Ave Noctem is a site that prides itself about being unbeholden to any payment, any sponsors, and bringing you the best “extreme and atmospheric music”, amongst other goals. Well, Holland’s own, or is that “The Netherlands own”?, I can never tell in this Brexit Britain atmosphere, No Man’s Valley may not be the extreme growling and screaming some expect of this site, but it is pretty damn atmospheric, if the atmosphere you are thinking of is thick with THC, patchouli, and psychedelic vibes from the late sixties.

I’ve never encountered this particular band from the land of lax and very arguably sensible weed laws before, but it’s a given from first listen that they are devoted to sharing the hippy ideal of early Prog progenitors to the masses. Indeed album opener and title track ‘Outside The Dream’ practically stamps their intent on the proceedings, sign posting their intentions to come, delivering a track that is a fluid galaxy width away from the path trodden by the cookie-cutter modern pop artists that dominate the charts and internet with a swirling mass of laconic vocals, Hammond organ, and a meandering sound that wanders into the world of desert rock and well beyond. I somehow imagine if the Oxford English Dictionary were asked to define “stoned” they’d just put a hyperlink in to No Man’s Valley!

The trip carries on hard, heavy, yet mellow and distorted with ‘Eyeball’, a discordant trip into the realm of Jefferson Airplane, all leading into the harder rock of ‘Hawk Rock’. I don’t know if it was a planned tribute, but 2019 sees Hawkwind celebrating fifty years of freak outs to the masses, and this number could indeed be one of their more speed inspired numbers.
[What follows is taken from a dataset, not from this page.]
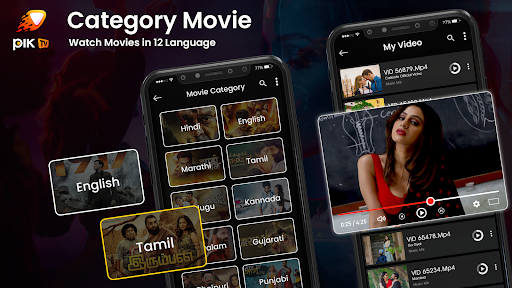 Pik TV - Show Live TV Movies应用截图第3张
If this track were not sufficient indication of the band’s intent to travel back in time, the clearly Doors heavy ‘From Nowhere’ sign posts their intent, whilst ‘Into The Blue’ travels the mellow paths laid down by early Pink Floyd, a path so well trod by England’s own Enos, all before the band mount a smoky magic carpet and fly away on ‘Blows’ for full on Jim Morrison worship complete with random drum bursts, organ flurries, and guitar noodling. If ever those who have cleaned their third eye clear missed the chance to travel The Doors’ ‘Crystal Ship’, follow up ‘Blows’ is for you, complete with competing guitars, blasting organ, and the mushroom cushioned crash of vocals and drums.
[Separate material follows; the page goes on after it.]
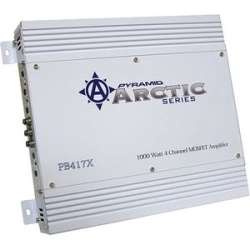 PYRAMID ARCTIC PB417X 4 Channel Car Amplifier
Right now so much that I get sent to listen to and review, and indeed, so much that I seek out to listen to on album and live harkens back to the days of yore, with Black Sabbath riffs recycled until they are as thin and stretched as the T-shirts a bootlegger waves in a car park. As such, No Man’s Valley can only be lauded for travelling an alternative retro-path. The thing is, with the way that trends seem to come and go, they may well have an entirely new sound for so many listeners, and I can only encourage those who were born in this century rather than the last to appreciate their sound, and having absorbed it, consider researching the sounds that made up my own formative years.